The event especially upset the NRC because TVA had detected the excessive nitrogen leakage every 8 hours during routine surveillance testing, yet it continued operating the plant in violation of its license for four days until the problem was finally corrected.

TVA’s lawyers pointed that out the NRC and the TVA were both federal agencies and one federal agency lacked statutory authority to impose a civil penalty on another one. The NRC’s lawyers reviewed this response and acknowledged that TVA’s lawyers were correct. But the NRC’s lawyers mentioned, almost in passing, that it used civil penalties as an element of its oversight of nuclear power as mandated by the Atomic Energy Act of 1954. The NRC levied civil penalties on plant owners when they violated NRC’s safety regulations either deliberately or to a significant extent. The NRC informed TVA that until it resolved the federal agency sovereignty issue, it would be unable to issue an operating license for TVA’s Sequoyah nuclear plant in Tennessee.

Faced with winning the battle but losing the war, TVA quickly capitulated.
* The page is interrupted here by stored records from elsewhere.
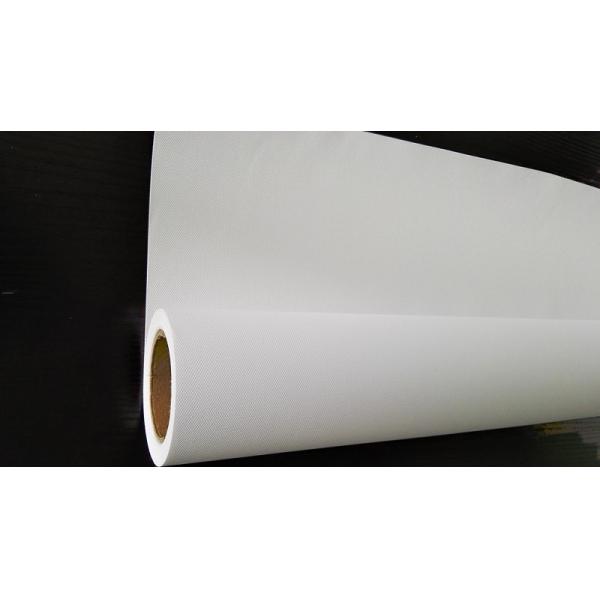 Inkjet Print Fabric Polyester Canvas Rolls With Blank White Matte Coated Surface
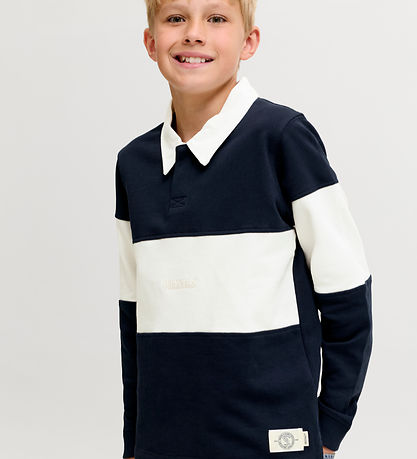 Jack & Jones Sweatshirt - JorFrederiksberg - Polo - Sky Captain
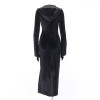 Cross Zipper Long Overcoat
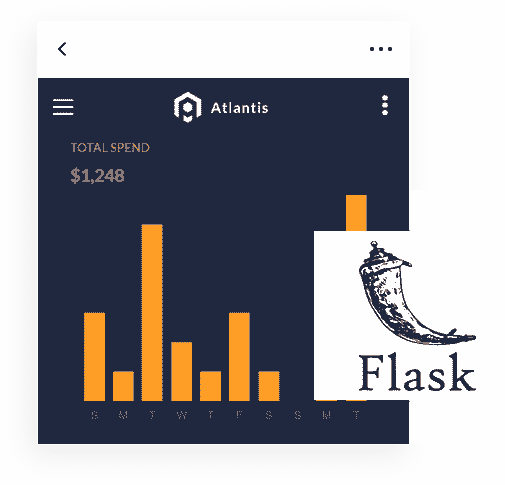 Flask Framework - The backend used by Atlantis Lite DARK Jinja Web App.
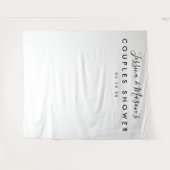 ミニマルな背景 - パーティーの装飾 - タペストリー (正面(横))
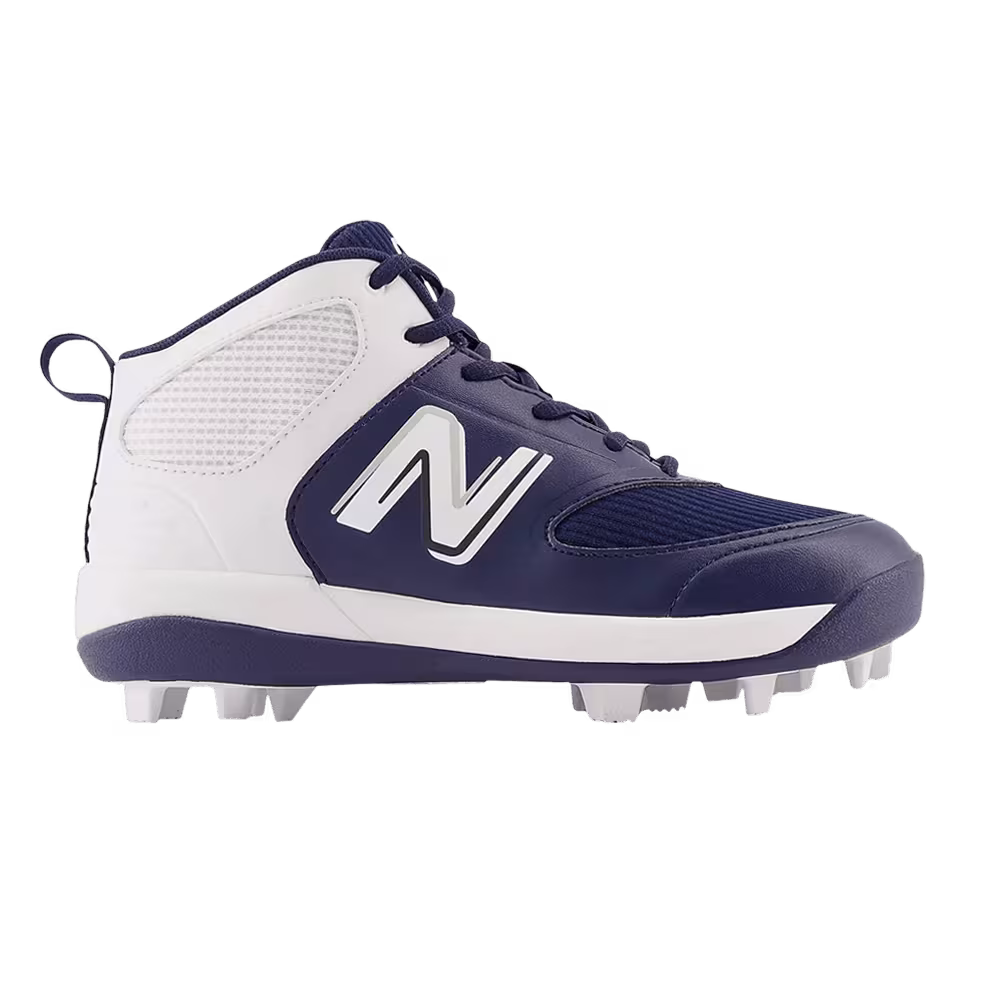 New Balance 3000v6 Big Kid Rubber Molded Navy White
TVA wrote back to the NRC:

TVA is fully committed to the safe operation of its nuclear facilities. An inherent part of this committal is TVA’s support of the NRC inspection and enforcement program. We believe that a strong and effective program is essential to safe operation of nuclear reactors. It is the policy of the TVA Board to cooperate with the NRC in this effort as fully as possible.

TVA paid NRC the $29,000 fine for Browns Ferry in January 1980 and received an operating license for its Sequoyah Unit 1 reactor the following month. It was the first nuclear power plant licensed by the NRC after the meltdown at Three Mile Island Unit 2 in March 1979.

Our Takeway

NRC determined that TVA knowingly operated Browns Ferry Unit 3 outside the law for several days and that TVA initially refused to be held accountable for it. NRC retaliated by blackmailing TVA, refusing to license Sequoyah until Browns Ferry’s ticket was paid.

Somewhere in this mess is an insanity plea or two.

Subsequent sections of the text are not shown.